Такой приступ автора с потерей речи у героев. Персонажи уже не обменивались репликами, а лишь вяло передвигались.
При этом голос на фонограмме звучал бодро. Он читал тот двухстраничный текст, который Пиранделло надиктовал сыну.
Так бывает – сознание выхватывает фрагменты, а мысль больного работает ясно. Словно он ощущает необходимость что-то важное договорить.
Договорил – и все прожекторы опять выключились. Кажется, это была та окончательная темнота, из которой свет уже не родится.
Настоящий спектакль трактует не только пьесу, но автора целиком. Не обходя при этом самые закрытые для посторонних зоны.
Не рассказывала ли постановка еще и о последних днях драматурга? О том, что не только публика переживет утрату, но персонажи испытают чувство сиротства?
Об этом Пиранделло говорил в пьесе «Шесть персонажей в поисках автора». Уж он-то знал, что между героями и их создателем есть обратная связь.
Потом свет на сцене зажигался опять. Этот свет имел отношение не к жизни и смерти, а только к театру. К битком набитому залу, который шумно благодарил артистов и режиссера.
Под финал этого рассказа хочется процитировать уже упомянутого здесь Лотмана. Как-то на лекции он удивил всех сообщением, что искусственный мозг изобретен.

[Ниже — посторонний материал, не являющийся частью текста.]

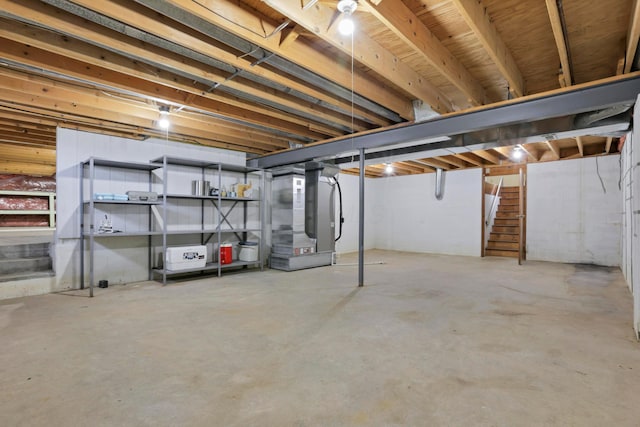 3171 Orders Rd, Grove City, OH 43123 - unfinished basement featuring stairway and heating unit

Как изобретен? – заволновались студенты, – но Юрий Михайлович сразу им объяснил, что речь о художественном тексте, который существует во времени и никогда не может быть исчерпан.
Отчего бы не представить, что истории тоже переживают не одну, а несколько жизней? Сперва они существуют вместе со своим рассказчиком, а потом пускаются в самостоятельный путь.